Op 11 maart 2022 heeft de voormalig gemachtigde van [eiseres] aan de voormalig gemachtigde van Samvar laten weten dat [eiseres] de auto had kunnen verkopen voor een bedrag van € 35.000,00. Deze koop zou geannuleerd zijn als gevolg van het beslag. Het had op de weg van [eiseres] gelegen om Samvar eerder van deze koop op de hoogte te brengen en niet pas achteraf, toen de koop al geannuleerd was. Nog daargelaten of er inderdaad een serieuze koper was. [eiseres] had nadat zij de bieding had ontvangen, direct zich tot Samvar moeten richten met het verzoek tot opheffing van het beslag. Dat heeft zij niet gedaan.
Dit acht de kantonrechter onbegrijpelijk. De gemachtigde van [eiseres] kon hier tijdens de mondelinge behandeling ook geen uitleg voor geven. Als Samvar ook dan weigerachtig was gebleven om het beslag vrijwillig of onder voorwaarden op te heffen, had [eiseres] ook nog een kort geding tot opheffing van het beslag kunnen voeren. Beide heeft zij niet gedaan. [eiseres] heeft aangevoerd dat zij voor het voeren van een kort geding geen financiële middelen had. [eiseres] procedeert nu wel en haar echtgenoot ook (tegen Samvar). De kantonrechter passeert om die reden dit verweer. [eiseres] is niet schadebeperkend opgetreden, hetgeen zij wel had moeten doen om haar (dan mogelijk resterende) schade vergoed te kunnen krijgen. [eiseres] heeft Samvar niet de gelegenheid geboden om het beslag op te heffen op het moment dat er mogelijk schade zou gaan ontstaan door het beslag. Bovendien was er ten tijde van dit eerste bod, nog discussie over de eigendom van de auto.
5.9.
Bij e-mail van 28 april 2022 heeft de voormalig gemachtigde van [eiseres] aan de voormalig gemachtigde van Samvar laten weten dat er een tweede bieding was geweest. Er zou een koper bereid zijn om de auto voor € 48.000,00 te kopen. Ook hier werd Samvar pas achteraf geïnformeerd, toen de koop al was afgeblazen, nog daargelaten of het ook hier een serieuze koper betrof. Hier geldt hetzelfde als bij de eerste verkoop.
5.10.
In diezelfde e-mail als bedoeld onder r.o. 5.9., heeft de voormalig gemachtigde van [eiseres] laten weten dat zich wederom een (buitenlandse) koper voor de auto heeft gemeld. Weliswaar is Samvar in dit geval vooraf geïnformeerd dat er mogelijk een koper was, van enige onderbouwing daartoe is niets gebleken, laat staan dat gesproken kon worden over een serieuze koper.

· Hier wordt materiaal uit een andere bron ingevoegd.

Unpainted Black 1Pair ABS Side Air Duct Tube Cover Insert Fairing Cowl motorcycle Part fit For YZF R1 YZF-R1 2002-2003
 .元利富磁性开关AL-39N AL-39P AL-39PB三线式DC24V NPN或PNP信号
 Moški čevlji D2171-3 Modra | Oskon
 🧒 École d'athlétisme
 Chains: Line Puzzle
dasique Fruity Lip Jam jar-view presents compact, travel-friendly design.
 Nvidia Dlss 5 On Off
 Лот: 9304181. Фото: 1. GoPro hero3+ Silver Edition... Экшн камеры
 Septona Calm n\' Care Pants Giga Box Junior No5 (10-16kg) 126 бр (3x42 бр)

Op 6 mei 2022 heeft de voormalig gemachtigde van Samvar laten weten dat Samvar mee wilde werken aan de verkoop van de auto, mits de verkoopopbrengst in depot werd gestort. Daarna werd het stil. Ook was de discussie over de eigendom van de auto nog steeds niet opgehelderd.
Conclusie
5.11.
Door toedoen van [eiseres] heeft het lang geduurd, voordat het duidelijk was dat [eiseres] eigenaresse was van de auto. [eiseres] heeft nagelaten om Samvar tijdig op de hoogte te brengen van een mogelijke verkoop van de auto. [eiseres] heeft tot tweemaal toe pas achteraf aan Samvar medegedeeld dat zij de auto had kunnen verkopen en dat de verkoop was afgeblazen, nog daargelaten of het serieuze kopers betroffen. De keer dat [eiseres] Samvar vooraf wèl informeert, en Samvar aangeeft onder voorwaarden mee te willen werken aan de verkoop, laat [eiseres] na te reageren. [eiseres] heeft ook geen kort geding gevoerd tot opheffing van het beslag. Ten tijde van de biedingen waren partijen nog in discussie over de eigendom van de auto. Deze feiten en omstandigheden maken dat de kantonrechter van oordeel is dat de mogelijke ontstane schade door het achteraf bezien onrechtmatig gelegde beslag voor [eiseres] dient te blijven. De kantonrechter zal om die reden de gevorderde schade afwijzen.
Proceskosten
5.12.
Gelet op de uitkomst van deze zaak zal de kantonrechter de proceskosten compenseren.

6.De beslissing

De kantonrechter
6.1.
verklaart voor recht dat Samvar onrechtmatig heeft gehandeld jegens [eiseres] door de plaatsgevonden beslaglegging;
6.2.
compenseert de proceskosten;
6.3.
wijst het meer of anders gevorderde af.
Dit vonnis is gewezen door mr. A.H. Margadant en in het openbaar uitgesproken op 27 februari 2024.

Voetnoten

1.Hof Amsterdam 9 augustus 2016, ECLI:NL:GHAMS:2016:3247. De Hoge Raad heeft deze uitspraak bekrachtigd in haar arrest van 17 november 2017, ECLI:NL:HR:2017:2898.
2.Hof Amsterdam 10 januari 2017, ECLI:NL:GHAMS:2017:73.